Mottola infatti non sa nulla, Mottola se ne infischia. Tutto va come sempre, anzi meglio, specie quando di mezzo c'è il ricordo di quello, che tra mille controversie, è il suo unico "genius loci": una figura che ha impersonato e raccontato in modi e forme diverse l’identità, le contraddizioni, le significative vicende storiche e umane di una cittadina della profonda provincia meridionale.
Mi è capitato di avvicinarmi a questa figura qualche mese fa, giacché il suo nome aleggia ancora nei racconti di chi, prima della sua morte, lo ricorda come direttore della biblioteca comunale "Vito Sansonetti", di cui è stato anche il fondatore. Ma se qualche adulto di oggi rammenta ancora di quel novantenne reazionario, lo stesso non si può dire dei più giovani, che malgrado un istituto scolastico dedicato alla memoria di "don Michele", ignorano l'esistenza di questo illustre concittadino che al suo tempo frequentò anche Pascoli e Croce.
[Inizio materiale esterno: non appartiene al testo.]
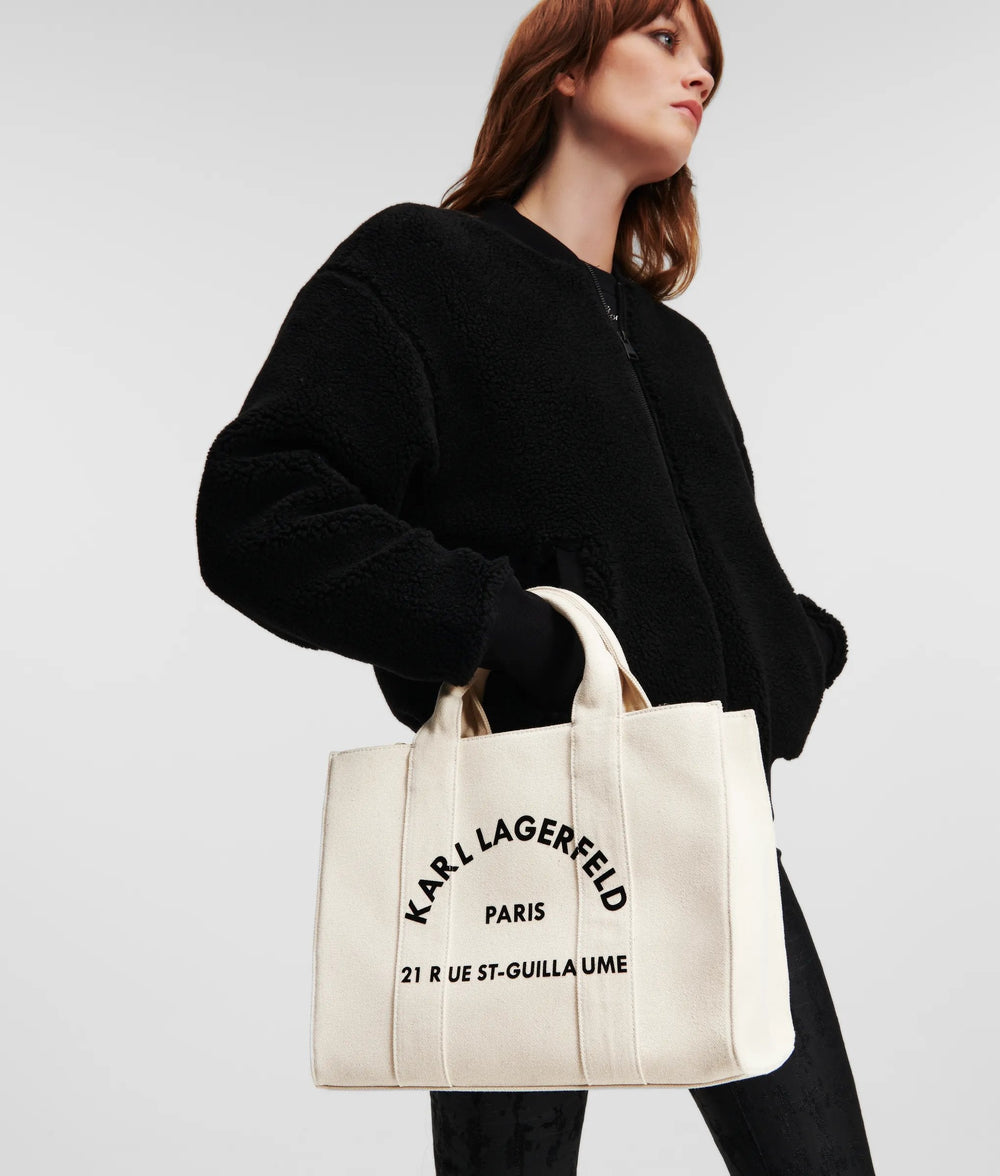 Karl Lagerfeld beige Essentials-shoppingväska, buren i handen med svart jacka och svarta byxor.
«Ma chi era Michele Lentini?», siamo andati a chiederlo alla pronipote Giulia Carriero, ciò che resta della sua famiglia, divisa al più tra morti premature e matrimoni non consumati. L’abbiamo incontrata in un pomeriggio d'estate, in una stanza con le pareti ricoperte di libri, dove le tende sono appena mosse da un alito di vento che accompagna i raggi di sole che filtrano tra persiane accostate.
Sulle pareti, invece, spiccano i cimeli di "zio Chele" gerarca fascista e accademico, un titolo che - mi dicono - si guadagnò sotto le camicie nere. Tra le memorie più interessanti, un quadro che - come per una strana analogia col Carducci - racconta con la poesia "Il ricordo" la morte prematura del figlio Dante. Anche a lui, come al "fior della pianta" dell'autore di Odi Barbare, era stato imposto lo stesso nome di quell'Alighieri che giusto qualche secolo prima aveva scritto la Divina Commedia.
Siamo stati, quindi, nei luoghi che catturarono la sua ispirazione lirica, cogliendo l’aspetto meno caduco della personalità di Lentini, divisa tra il pieno contatto con la natura, l’ansia della biblioteca e i pranzi a sbafo sulle tavole dei capipopolo di settant’anni fa, dove il poeta si guadagnava pagnotta e reputazione arrotando versi sarcastici contro gli oppositori del padrone di casa. Qui abbiamo scoperto che visse oltre novant’anni, che scrisse anche commedie, drammi, romanzi e novelle e che al suo tempo fu tra le penne più apprezzate e rappresentative della “nostra” Puglia.
Fuori da questi spazi Michele Lentini è quasi scomparso, se n'è andato pian piano, alla chetichella. E dopo quarant'anni non riemerge neanche la vocazione tombale della città che si accorge di ciò che perde quando ormai non c'è più nulla da fare. Neanche quando il "personaggio" Lentini, per quanto al suo tempo troppo schierato, troppo cattolico e troppo polemico, meriterebbe un riconoscimento "di piazza" che non si limiti alla solita targa o alla solita cerimonia.
«Inchiostro sprecato...», avrebbe detto don Michele in calce a questo articolo. Lui che per primo - in molte liriche - intuì l'inerzia, la perdita di valori mai rimpiazzati e la crescita di una sorta di diritto all'egoismo nei costumi della gente del posto. Ma no, non è questa, in fondo, la città che Lentini ha vissuto e amato, alla quale ha dedicato la vita, col compito di raccontare e mettere per iscritto tutti i vizi e le virtù di una Mottola che, ahimè, si è scordata di lui.
Ma la grandezza di Lentini sta forse in questo silenzio, maturato in quarant'anni dalla sua dipartita. Un silenzio elegante. Il suo infatti è stato un proverbiale distacco, forse con un pizzico di rancore. In fondo, come lui stesso ebbe a scrivere, avrebbe voluto cantare ancora.